[Crawled caption data]
┌────────
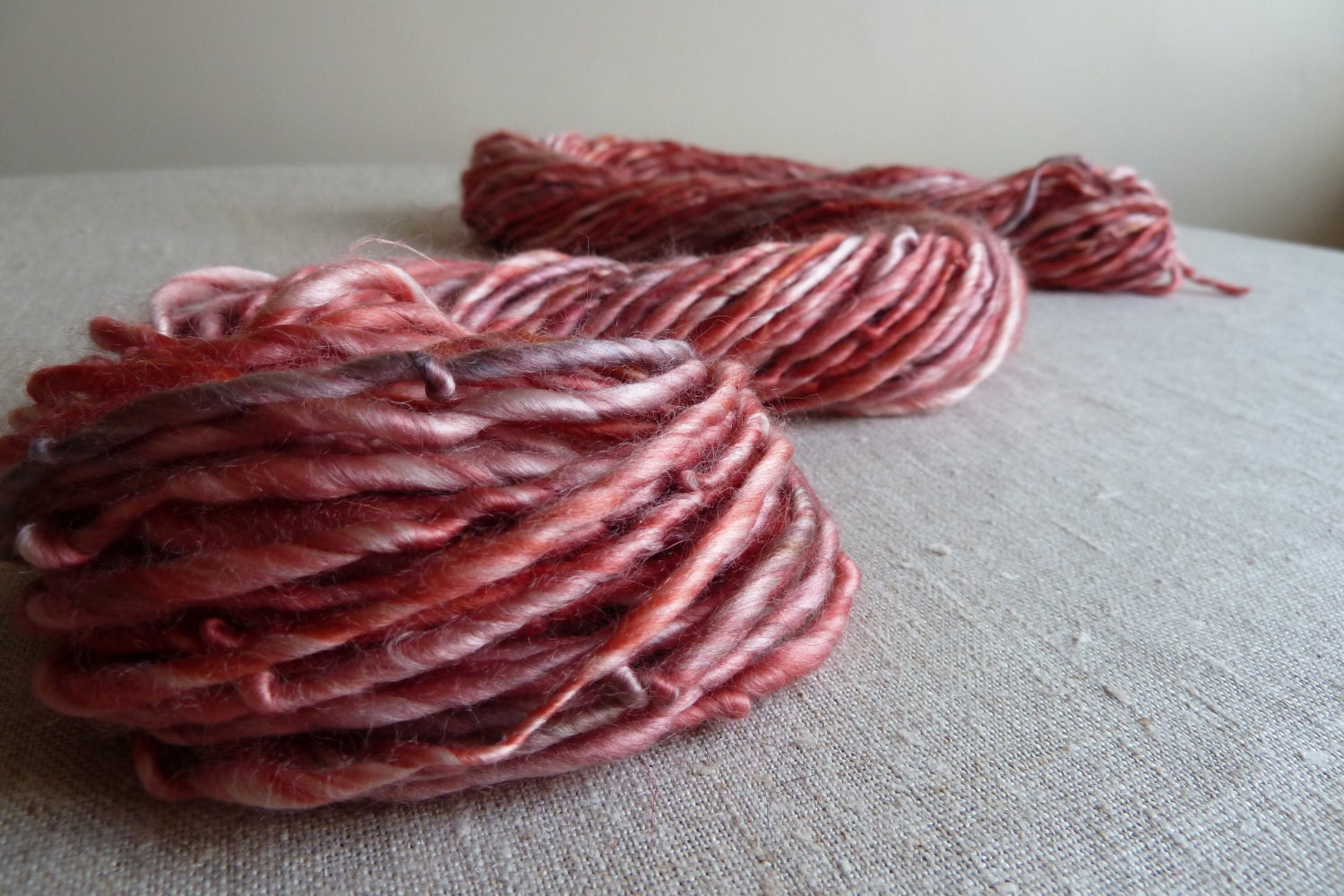 Handspun yarn, pure milk protein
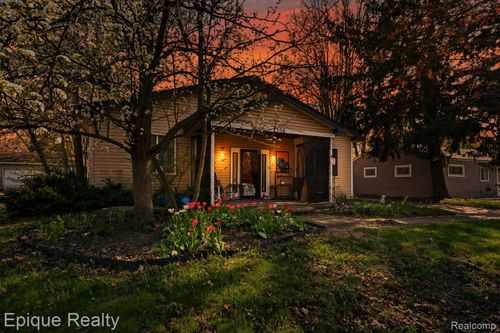 2706 Genes Dr, Auburn Hills, MI, 48326-1904 | Card Image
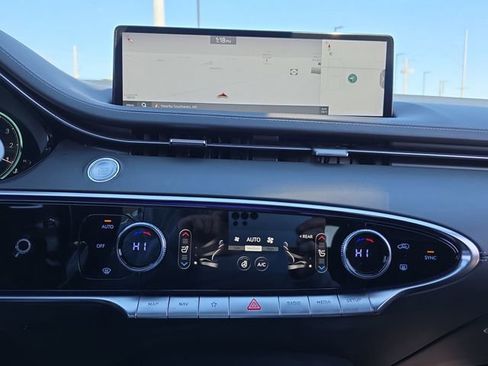 Used 2024 Genesis GV70 2.5T w/ Sport Prestige Package image 24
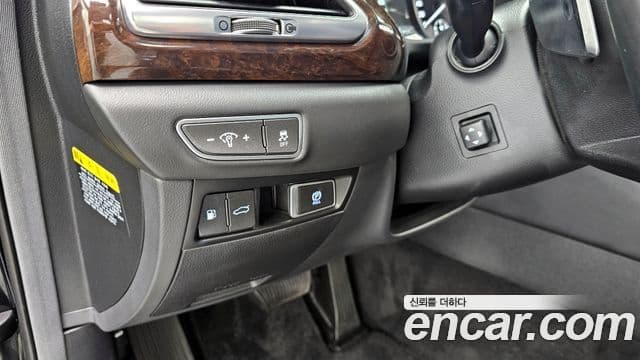 Genesis EQ900 Luxury, 2016 16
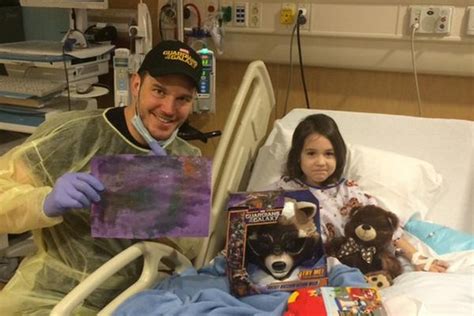 Chris Pratt Visits Patients at CHOC Children's Hospital - Celebrity Visits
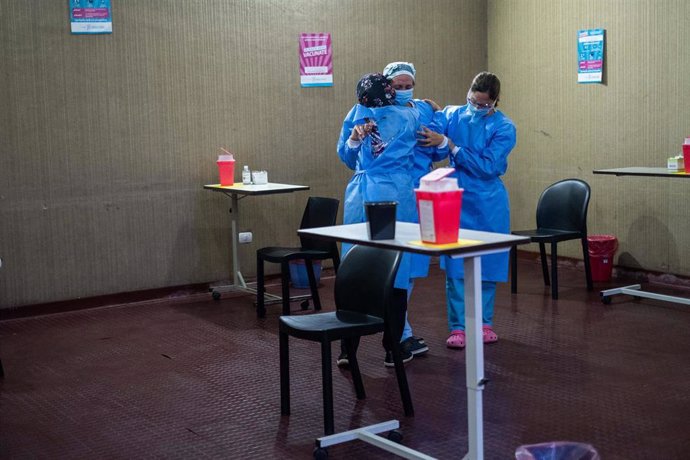 Trabajadoras sanitarias celebran el inicio de la vacunación contra el coronavirus en Argentina.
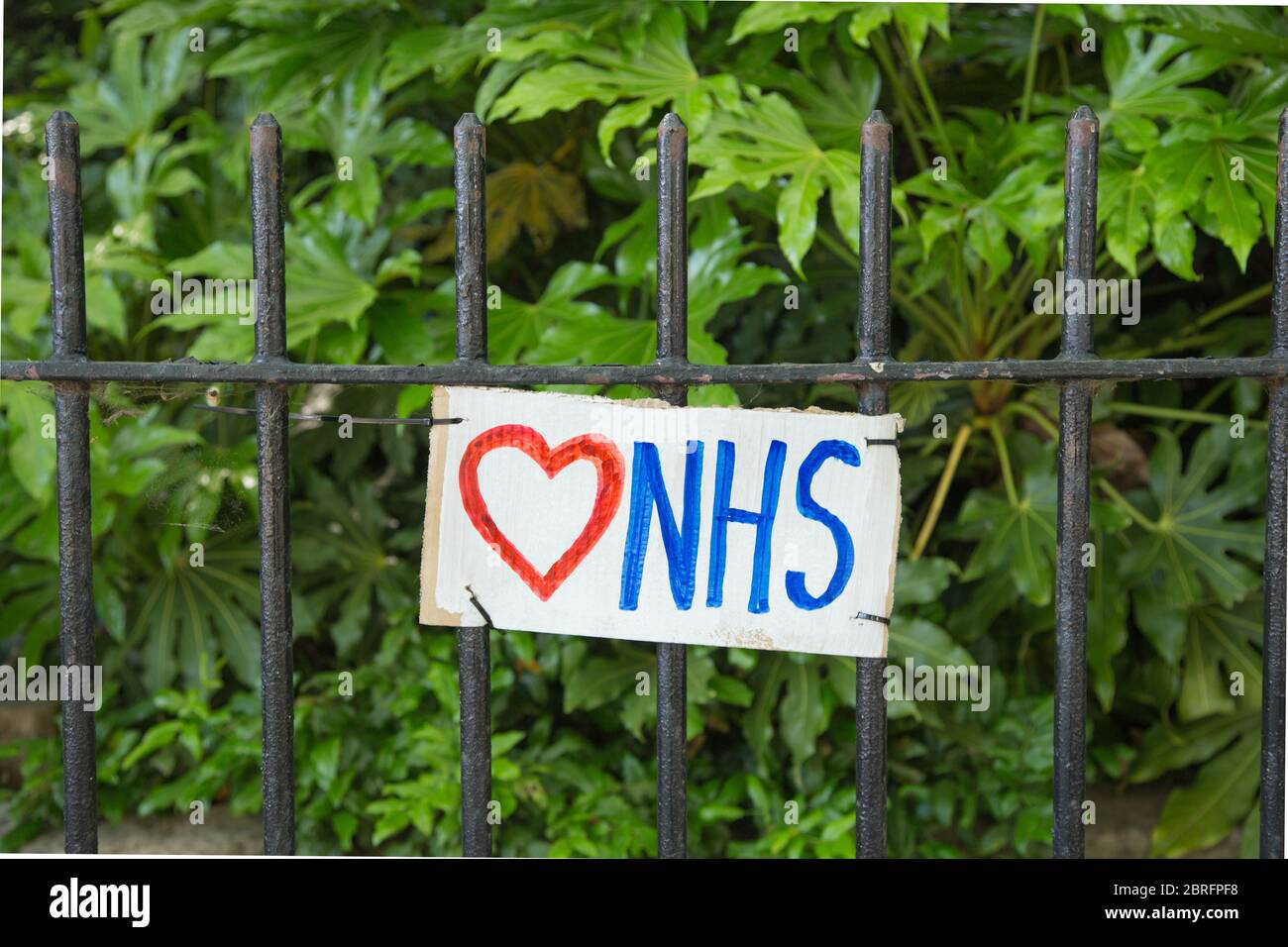 Ein selbstgemachtes Kunstwerk, das die Liebe zum NHS mit einem Herzsymbol auf den Parkgeländern im Norden Londons während der Coronavirus-Pandemie 2020 zum Ausdruck bringt Stockfoto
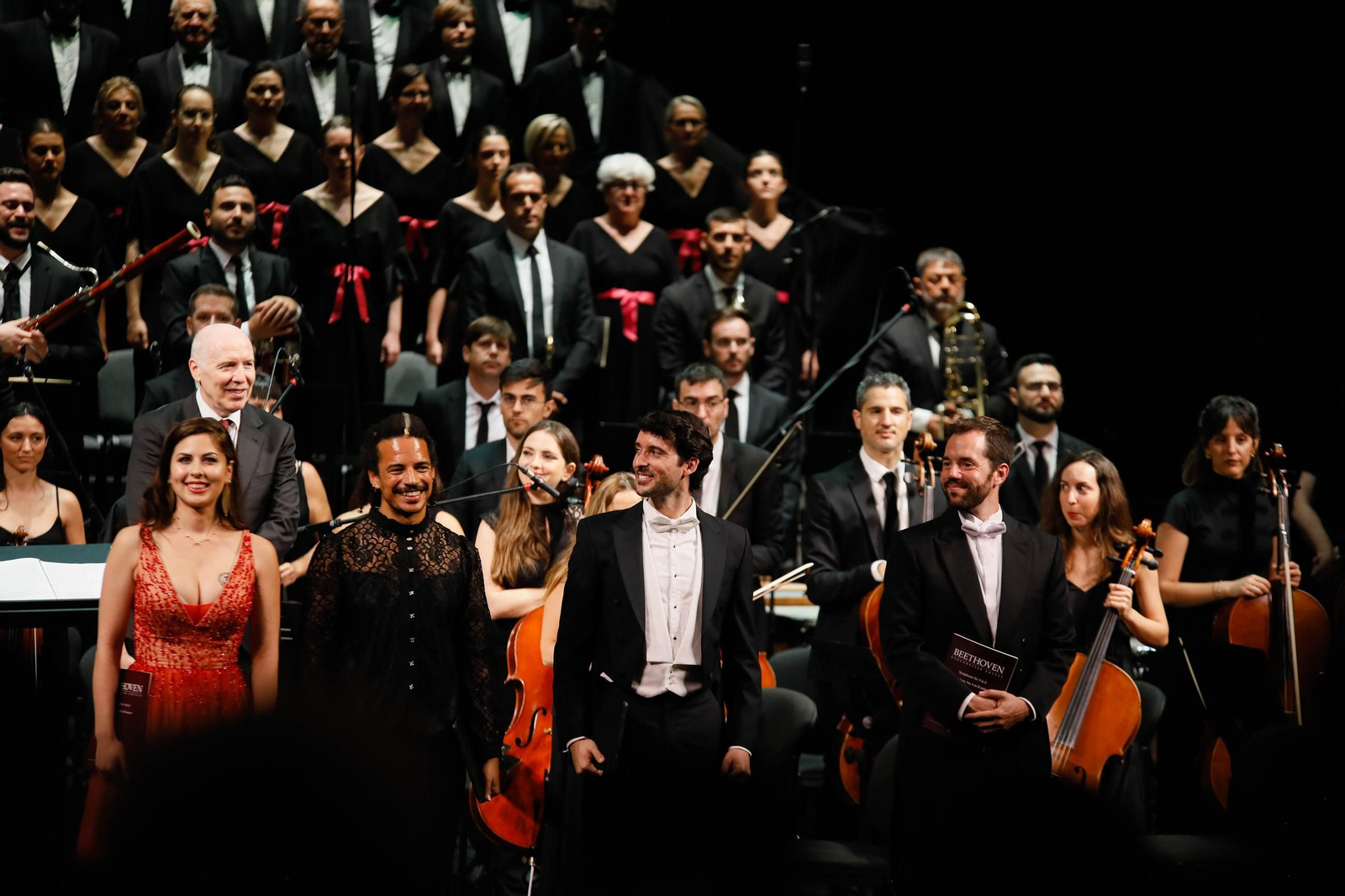 Imágenes de la novena Beethoven interpretado por la OCAL y Orfeón para Cajamar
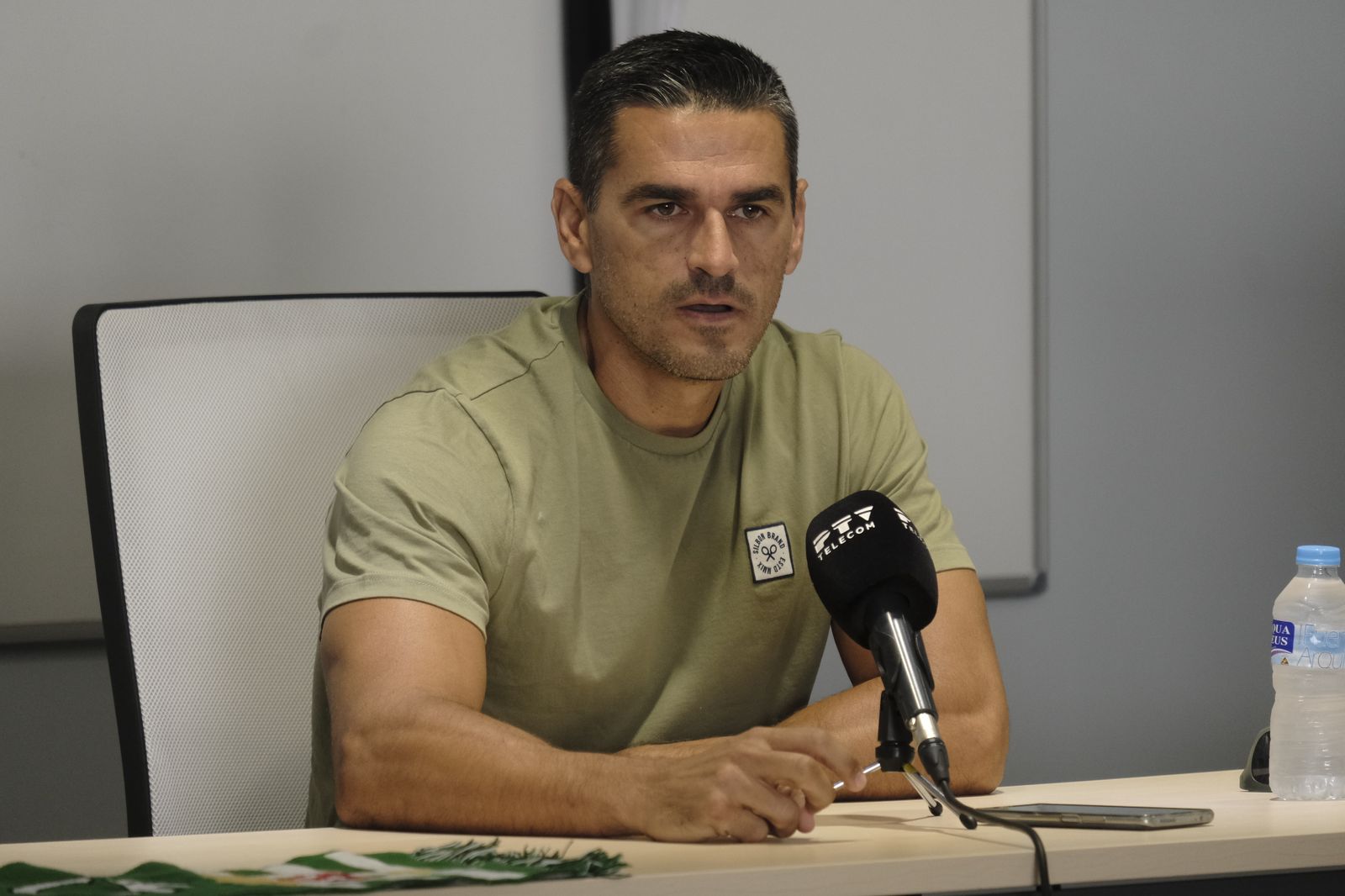 Las imágenes de la presentación de Pablo Picón con el Córdoba CF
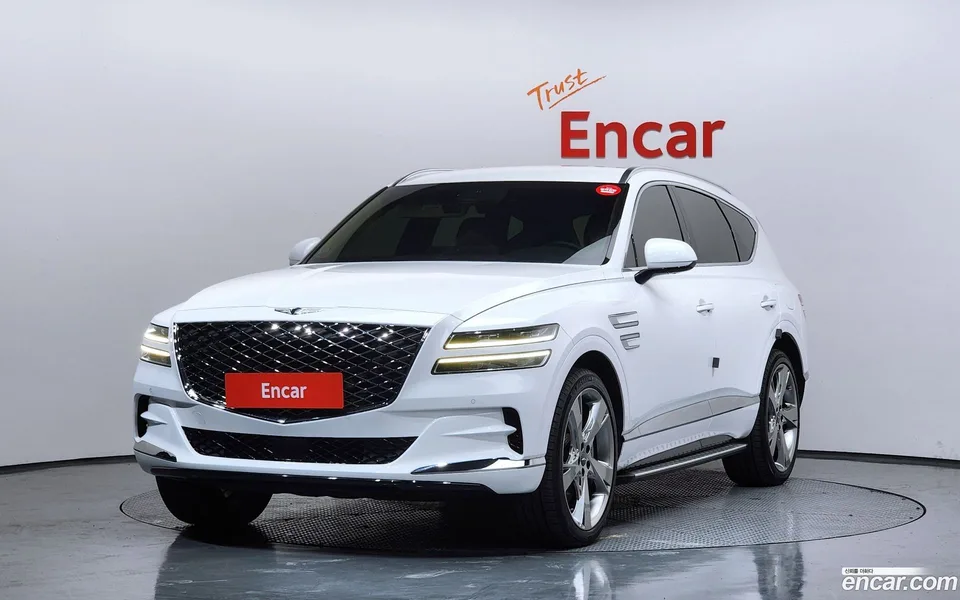 Genesis GV80 3.0 2WD 2022 — фото 1, купить с доставкой в Москву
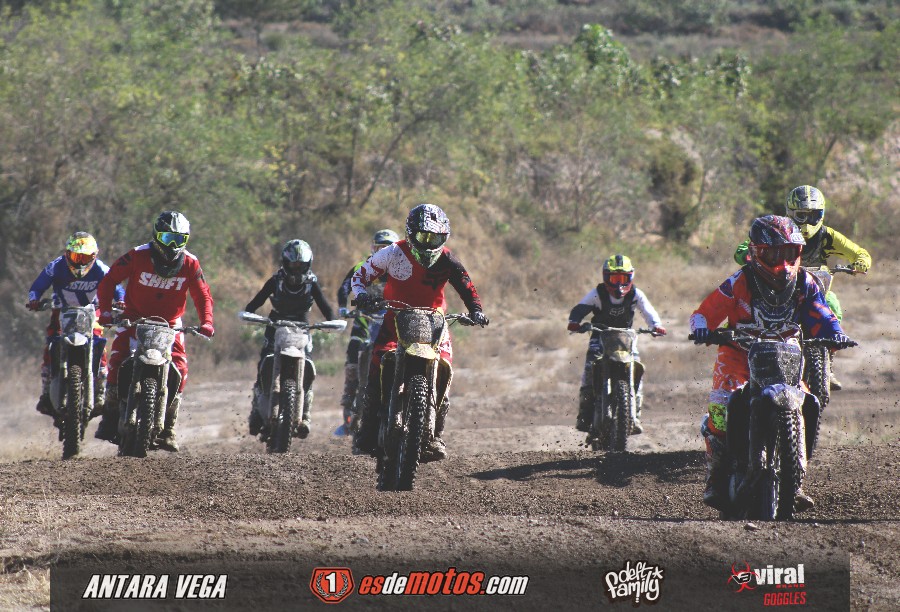 Imágenes: Motocross en Taxadhó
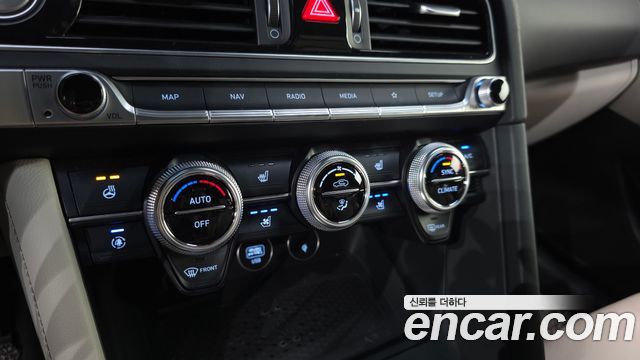 Genesis G70 Gasoline 2.0T 2WD 2021 — фото 14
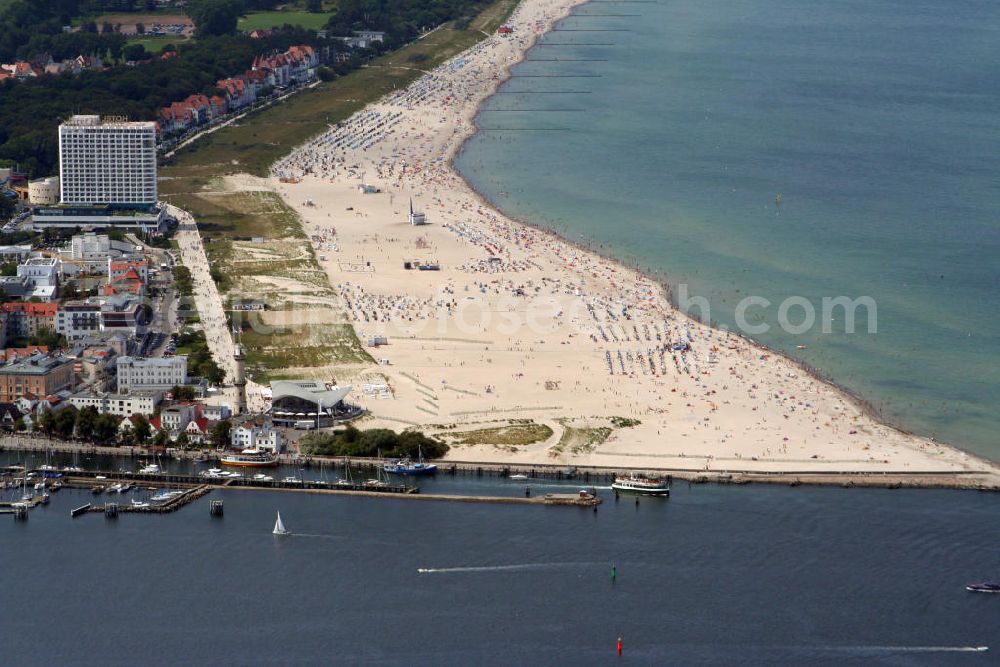 Aerial photograph Rostock - Das Hotel Neptun ist ein direkt am Strand der Ostsee gelegenes 5-Sterne-Hotel im Ostseebad Warnemünde, das 1971 den Betrieb aufnahm. Das Hotel mit 337 Zimmern in 18 Etagen und dem ersten zertifizierten Thalassozentrum Deutschlands mit einer Meerwasserschwimmhalle in der vierten Etage mit direktem Blick auf die Ostsee, gehört als „Wellness-Hotel“ zur Arkona AG, einer Tochter der Deutschen Seereederei Rostock (DSR). Betreiber ist die Hotel NEPTUN Betriebsgesellschaft mbh Rostock. Kontakt: Tel. +49(0)3817777777, Email (Hotelrezeption): concierge@hotel-neptun.de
└────────
#### [What the exercise asks]
Transcribe all of the data above verbatim but omit every picture.

#### [Reply]
 Handspun yarn, pure milk protein
 2706 Genes Dr, Auburn Hills, MI, 48326-1904 | Card Image
 Used 2024 Genesis GV70 2.5T w/ Sport Prestige Package image 24
 Genesis EQ900 Luxury, 2016 16
 Chris Pratt Visits Patients at CHOC Children's Hospital - Celebrity Visits
 Trabajadoras sanitarias celebran el inicio de la vacunación contra el coronavirus en Argentina.
 Ein selbstgemachtes Kunstwerk, das die Liebe zum NHS mit einem Herzsymbol auf den Parkgeländern im Norden Londons während der Coronavirus-Pandemie 2020 zum Ausdruck bringt Stockfoto
 Imágenes de la novena Beethoven interpretado por la OCAL y Orfeón para Cajamar
 Las imágenes de la presentación de Pablo Picón con el Córdoba CF
 Genesis GV80 3.0 2WD 2022 — фото 1, купить с доставкой в Москву
 Imágenes: Motocross en Taxadhó
 Genesis G70 Gasoline 2.0T 2WD 2021 — фото 14
 Aerial photograph Rostock - Das Hotel Neptun ist ein direkt am Strand der Ostsee gelegenes 5-Sterne-Hotel im Ostseebad Warnemünde, das 1971 den Betrieb aufnahm. Das Hotel mit 337 Zimmern in 18 Etagen und dem ersten zertifizierten Thalassozentrum Deutschlands mit einer Meerwasserschwimmhalle in der vierten Etage mit direktem Blick auf die Ostsee, gehört als „Wellness-Hotel“ zur Arkona AG, einer Tochter der Deutschen Seereederei Rostock (DSR). Betreiber ist die Hotel NEPTUN Betriebsgesellschaft mbh Rostock. Kontakt: Tel. +49(0)3817777777, Email (Hotelrezeption): concierge@hotel-neptun.de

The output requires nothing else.